What does all this mean?

Whether these provisions will really change things for the Kentucky DtC market remains to be seen.

One of the biggest uncertainties is whether any tax obligations will attach to these new DtC permissions. It is currently unknown whether an out-of-state DtC seller would be required to collect and remit any excise, wholesale, or sales tax for their sales to Kentucky residents. We hope to receive clarification on this soon and will notify you on what we find.

Looking beyond the tax issue, we have yet to see whether any carrier will make a move to accept packages going to Kentucky. They have been dealing with a crackdown in a number of other states in recent years, so it is uncertain how they will approach the Kentucky market, especially when the state has historically been so restrictive.
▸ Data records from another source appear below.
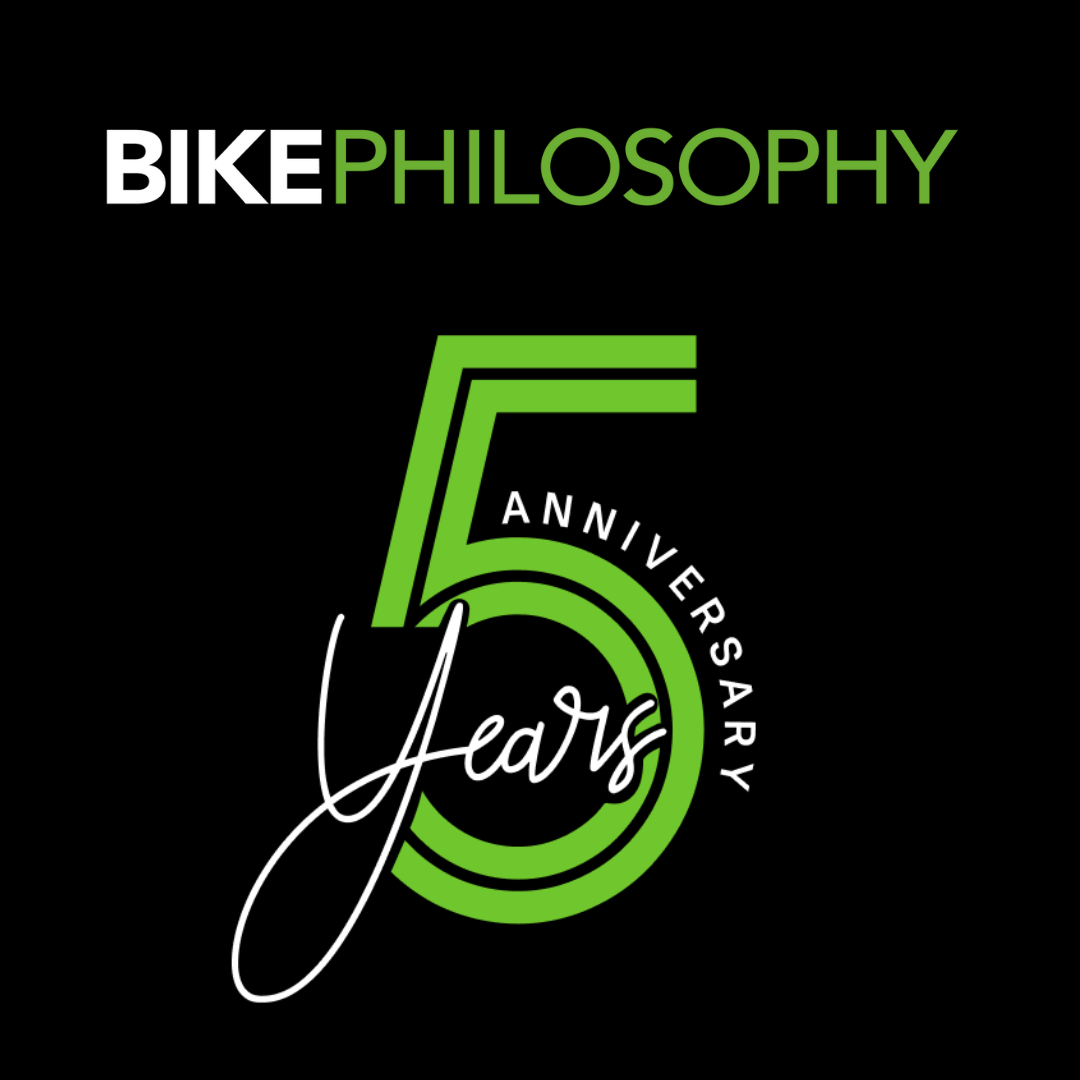 Vídeo conmemorativo 5º Aniversario Bikephilosophy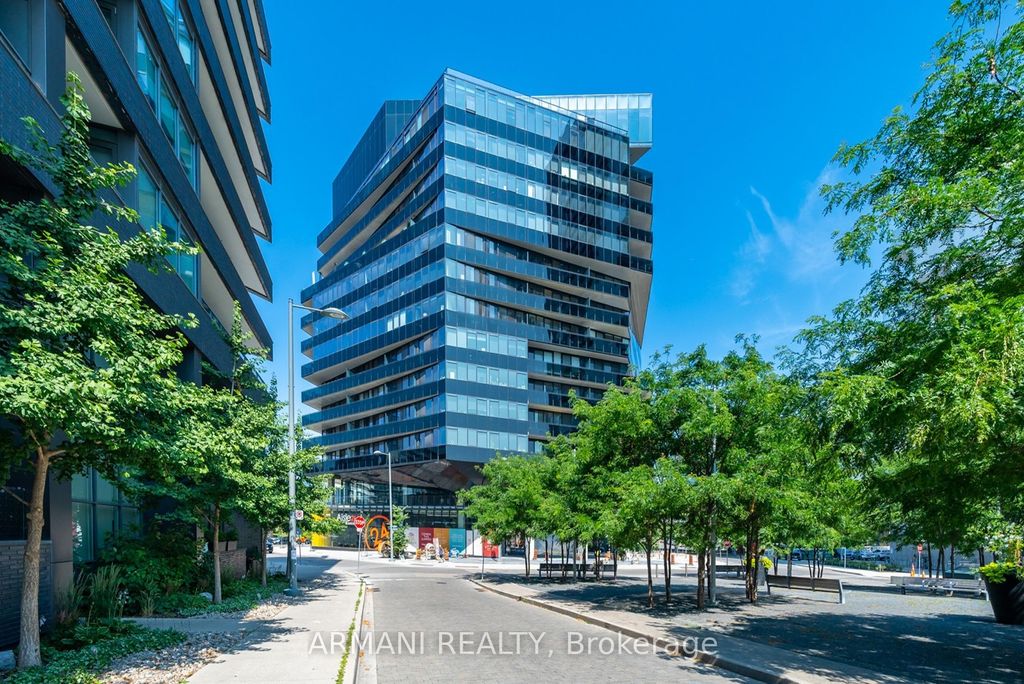 Photo of 21 Lawren Harris Square #512, Toronto, ON M5A 1H7 (MLS # C12942610)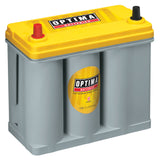 Optima Batteries Battery Yellow Top 450cc a/575ca DS46B24R Prius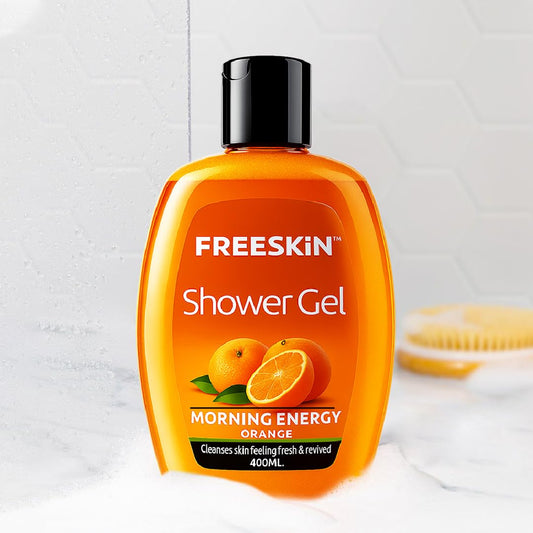 Freeskin MORNING ENERGY ORANGE Shower Gel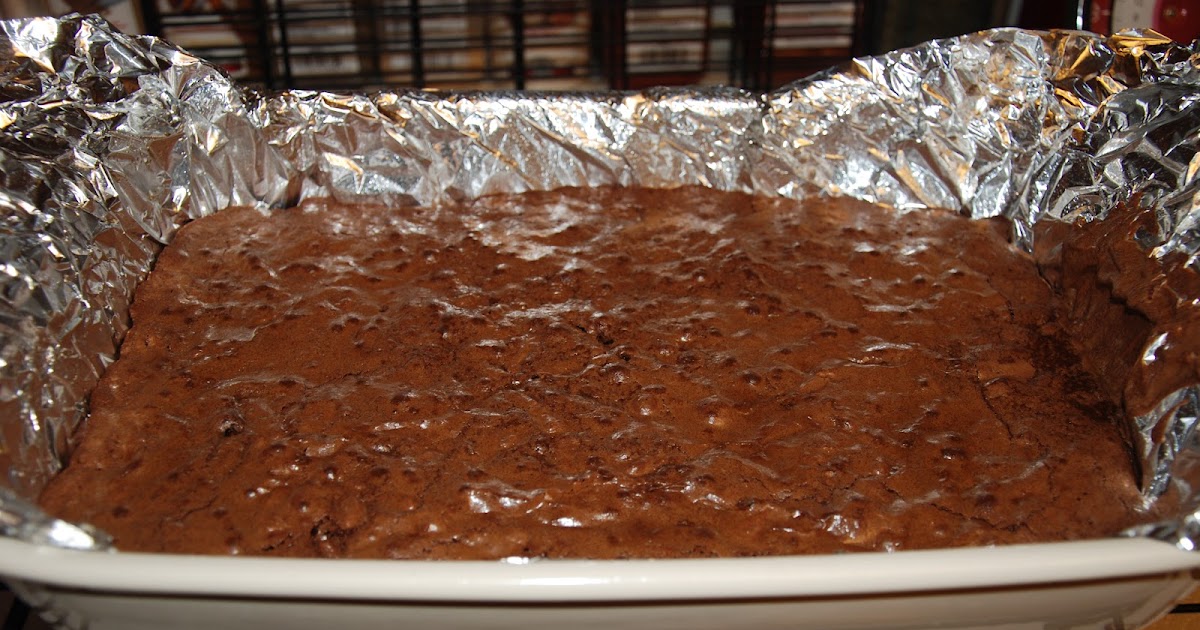 Recipe Codex Dessert Baker's One Bowl Brownies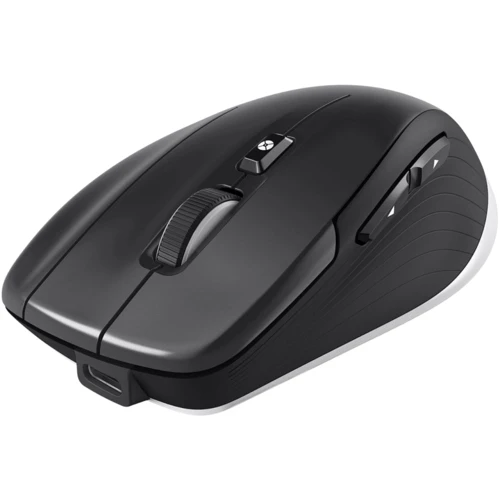 Мышь 3DConnexion SpaceMouse Wireless Kit 2 (3DX-700108): Тип сенсора оптический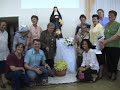 homenagem às irmãs carmelitas da caridade de vedruna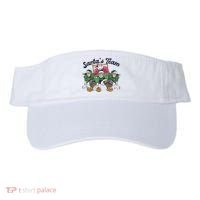 Santas Team Christmas Football Elf Team Visor thumb 0
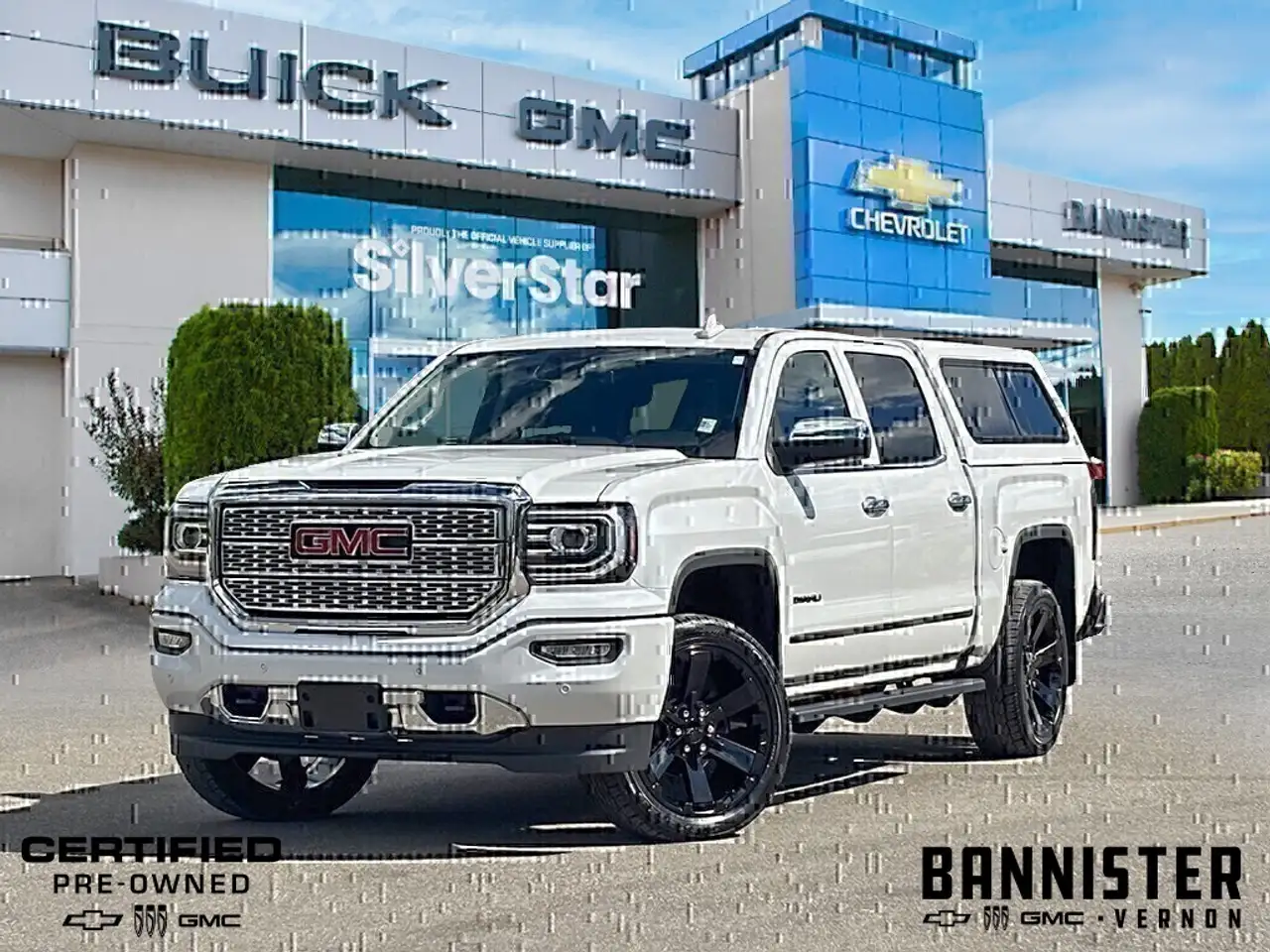 2018 GMC Sierra 1500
Limiting all purchases, even subscribing to a club, to only on-site orders may also be a barrier, though there is an interesting history to such a rule in Kentucky. A similar rule applied originally to the rules permitting DtC sales for Small Farm Wineries. However, in a 2006 case (Church Hill Vineyards v. V. Lavoyed Hudgins), the U.S. District Court for the Western District of Kentucky ruled that an on-site-only restriction was unconstitutional, as it effectively prevented Kentucky residents from accessing approximately 99% of U.S. wineries. How the ABC will proceed with the on-site-only restrictions in HB 400 remains to be seen.

Further, HB 400 is not a panacea for Kentucky distillers. It is a fundamental rule for the DtC market that a shipper must follow the laws of the state into which they’re shipping. Currently, only a handful of states (North Dakota, New Hampshire, Nebraska, and the District of Columbia — and now Kentucky) permit shipping distilled spirits to residents in their borders.

So the vast majority of out-of-state visitors to the Bourbon Trail will still be disappointed when they ask to have a few bottles of Kentucky bourbon shipped home. Changing this will require a nationwide effort to change DtC rules regarding spirits; essentially something like the efforts that Free the Grapes! and Wine Institute have worked on over the last few decades.

Still, HB 400’s passage should be seen as a positive step for the beverage alcohol industry. Kentucky has taken steps to open itself up to the DtC market, removing a number of restrictions that had been a major barrier to Kentucky residents enjoying all the wine they wanted. If, going forward, carriers do accept orders to Kentucky and suppliers move to get licensed, we could expect the state to quickly jump up the ranks of DtC destination states.

As things develop, including how the ABC reacts to these new provisions, we at ShipCompliant by Sovos will make sure to keep you informed.